"Twiggy?" A steady, masculine voice called out as the carrier of the voice walked slowly through the seemingly never-ending corridor. His own voice echoed against the walls and back to him again. Empty and hollow; as if someone had died there just moments ago.

The bearer of the voice was a tall, lanky man with mismatched eyes, chalk-white face, and full lips that had been painted over with a thick coat of lipstick. He took long, heavy strides slowly, each step possessing a certain grace that could never be imitated by anything or anyone.

Marilyn Manson. The God of Fuck, the Antichrist Superstar, the supposedly mental corrupter of the youth. He seemed lost now, amidst this empty, abandoned corridor of the rather spacious building that his current manager and co-producer had rented for the purpose of the making of the band's new album.

For a moment, he considered to just give up finding his bassist. Maybe Twiggy was not even anywhere in this building, anyway. For the love of hell, he could be running rampant in the city by now; piss-drunk and probably trying to befriend another homeless person he would so amiably refer to as Joe, regardless of the real name of the poor sod.

This corridor seemed deserted, as though it was one of the very few undiscovered areas on earth. Except for the broken whiskey bottle in front of a door.

Cautiously, he walked over to the door where the remains of the bottle were lying nearby. The sweet, sharp smell of whiskey burned his nostrils as he stood right before the remains.

There was no sound coming out from behind the door. He even doubted that Twiggy would be behind it. But slowly, he brought up a hand to the door and started knocking gently. He rapped the door politely three times before turning the knob and stepping in.

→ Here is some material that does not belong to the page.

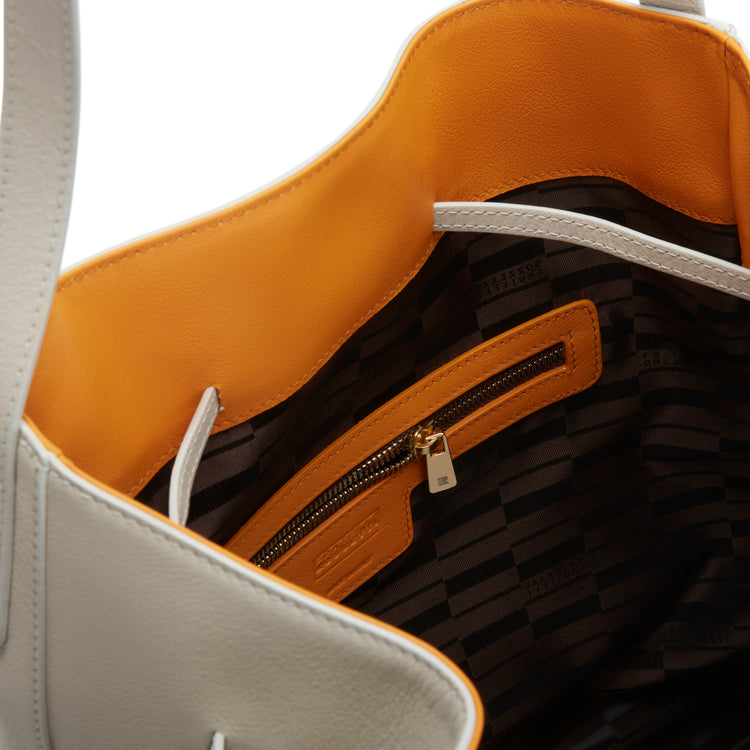 Shoulder bag Tassel in pelle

He found what he had been looking for in the last three hours. And almost wished he hadn't.

Twiggy was lying on the floor, with a heap of old newspapers and rags to serve as his pillow. He was holding a half-empty bottle of whiskey over his stomach, though he had probably spilled most of the content all over himself and the room.

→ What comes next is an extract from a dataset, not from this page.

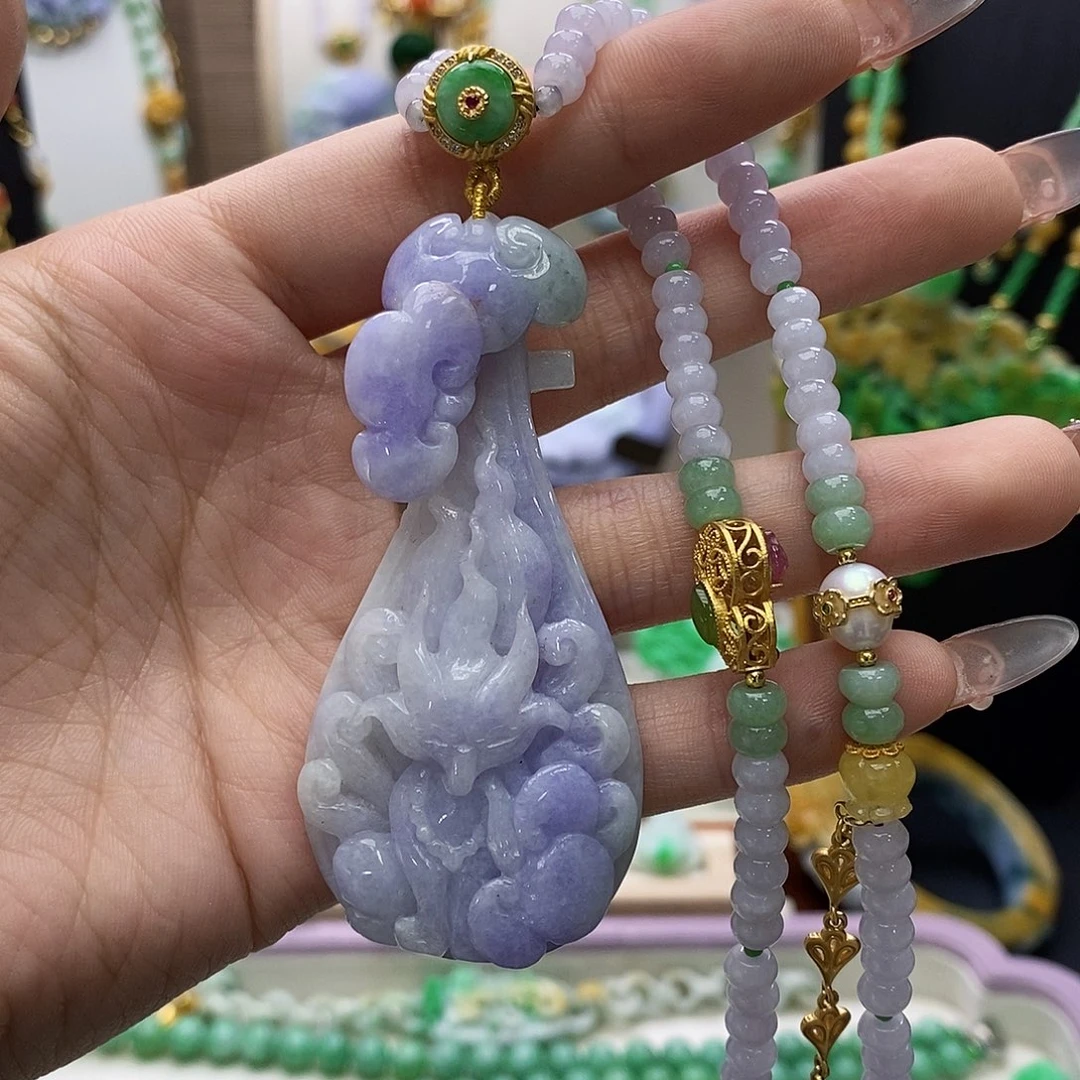 翡翠未镶嵌颈饰项链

Marilyn scrunched up his nose in disapproval at this sight. Twiggy had done this one too many times; pranced off from the rehearsals when he decided he was bored, did some drugs, swigged some alcohol, then pass out in places where people would least expect to find him. His heart did not seem to be with the band anymore. His bass playing was going downhill due to the excessive usage of cocaine and various other drugs he had somehow obtained, aside from the ones that Marilyn had provided through the dealer he knew and trusted.

Slowly, as though not to wake up this drug-addled child who was knocked unconscious on a heap of papers and rags, Marilyn made his way to approach his bassist. He knelt down and began shaking Twiggy while calling his name.

"Twiggy," he shook the drunk, ragged man who was lying before him. There was no response from Twiggy. If it weren't for the little snores that were escaping through his slightly open mouth, Marilyn would have thought he was trying to rouse the dead from its eternal sleep. "Twiggy, wake up." He shook Twiggy harder, and even took the trouble to pull the limp bassist to sit up. "Twiggy, wake the fuck up," his usually soft voice was gradually morphing into a growl.

Quite suddenly, Twiggy's eyes fluttered open and he looked straight into Marilyn's eyes. His mouth moved a little as if he was trying to speak, but instead of words, a loud burp escaped his lips. His breath reeked of alcohol, and it blew directly to Marilyn's face, as he was only inches away from Twiggy's foul mouth.

Marilyn, apparently disgusted by this behaviour, frowned and threw Twiggy back down upon the heap of trash he had lain on before. He cast an angry glare at his supposedly best friend before turning around and making an indignant exit out of the room, slamming the door as he walked out.